From Deep Learning Foundations to Stable Diffusion

Practical Deep Learning for Coders part 2, 2022
courses
Author

Jeremy Howard

Published

September 16, 2022

Three years ago we pioneered Deep Learning from the Foundations, an in depth course that started right from the foundations—implementing and GPU-optimising matrix multiplications and initialisations—and covered from scratch implementations of all the key applications of the fastai library.

This year, we’re going “from the foundations” again, but this time we’re going further. Much further! This time, we’re going all the way through to implementing the astounding Stable Diffusion algorithm. That’s the killer app that made the internet freak out, and caused the media to say “you may never believe what you see online again”.

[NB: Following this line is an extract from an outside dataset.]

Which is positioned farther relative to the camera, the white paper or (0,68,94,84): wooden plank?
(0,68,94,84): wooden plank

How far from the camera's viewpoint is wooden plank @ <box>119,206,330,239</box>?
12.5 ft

Stable diffusion generated image

Stable diffusion, and diffusion methods in general, are a great learning goal for many reasons. For one thing, of course, you can create amazing stuff with these algorithms! To really take the technique to the next level, and create things that no-one has seen before, you need to really deeply understand what’s happening under the hood. With this understanding, you can craft your own loss functions, initialization methods, multi-model mixups, and more, to create totally new applications that have never been seen before.

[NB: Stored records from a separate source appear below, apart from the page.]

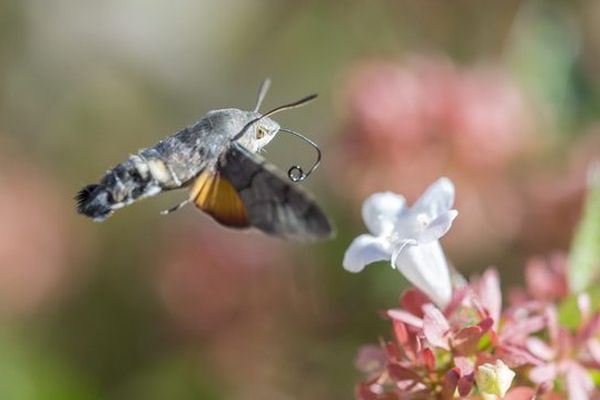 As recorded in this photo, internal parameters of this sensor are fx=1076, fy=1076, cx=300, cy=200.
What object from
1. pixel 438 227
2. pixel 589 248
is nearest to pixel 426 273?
pixel 438 227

Just as important: it’s a great learning goal because nearly every key technique in modern deep learning comes together in these methods. Contrastive learning, transformer models, auto-encoders, CLIP embeddings, latent variables, u-nets, resnets, and much more are involved in creating a single image.

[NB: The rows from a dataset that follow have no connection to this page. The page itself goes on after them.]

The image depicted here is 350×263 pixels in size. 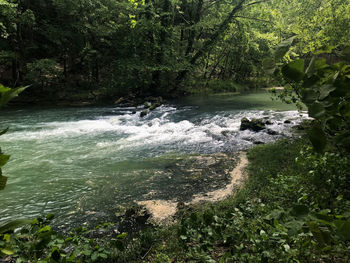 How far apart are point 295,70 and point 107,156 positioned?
27.7ft

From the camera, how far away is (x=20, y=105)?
19.5 meters

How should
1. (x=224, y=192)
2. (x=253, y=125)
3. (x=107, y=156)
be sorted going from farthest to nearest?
(x=253, y=125), (x=107, y=156), (x=224, y=192)

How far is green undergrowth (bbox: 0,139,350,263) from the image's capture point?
48.1 inches

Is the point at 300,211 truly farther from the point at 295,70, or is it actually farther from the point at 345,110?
the point at 295,70

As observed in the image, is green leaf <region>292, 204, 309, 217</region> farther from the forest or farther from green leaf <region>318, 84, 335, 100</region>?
green leaf <region>318, 84, 335, 100</region>

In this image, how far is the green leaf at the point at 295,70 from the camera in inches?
37.1

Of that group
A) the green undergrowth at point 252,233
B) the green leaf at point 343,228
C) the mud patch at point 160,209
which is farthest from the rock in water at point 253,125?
the green leaf at point 343,228

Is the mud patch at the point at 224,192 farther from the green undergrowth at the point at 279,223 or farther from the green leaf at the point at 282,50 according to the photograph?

This is all cutting-edge stuff, so to ensure we bring the latest techniques to you, we’re teaming up with the folks that brought stable diffusion to the world: stability.ai. stability.ai are, in many ways, kindred spirits to fast.ai. They are, like us, a self-funded research lab. And like us, their focus is smashing down any gates that make cutting edge AI less accessible. So it makes sense for us to team up on this audacious goal of teaching stable diffusion from the foundations.

The course will be available for free online from early 2023. But if you want to join the course right as it’s made, along with hundreds of the world’s leading deep learning practitioners, then you can register to join the virtual live course through our official academic partner, the University of Queensland (UQ). UQ will have registrations open in the next few days, so keep an eye on the link above.

During the live course, we’ll be learning to read and implement the latest papers, with lots of opportunity to practice and get feedback. Many past participants in fast.ai’s live courses have described it as a “life changing” experience… and it’s our sincere hope that this course will be our best ever.

To get the most out of this course, you should be a reasonably confident deep learning practitioner. If you’ve finished fast.ai’s Practical Deep Learning course then you’ll be ready! If you haven’t done that course, but are comfortable with building an SGD training loop from scratch in Python, being competitive in Kaggle competitions, using modern NLP and computer vision algorithms for practical problems, and working with PyTorch and fastai, then you will be ready to start the course. (If you’re not sure, then I strongly recommend getting starting with Practical Deep Learning now—if you push, you’ll be done before the new course starts!)

If you’re an alumnus of Deep Learning for Coders, you’ll know that course sets you up to be an effective deep learning practitioner. This new course will take you to the next level, creating novel applications that bring multiple techniques together, and understanding and implementing research papers. Alumni of previous versions of fast.ai’s “part 2” courses have even gone on to publish deep learning papers in top conferences and journals, and have joined highly regarded research labs and startups.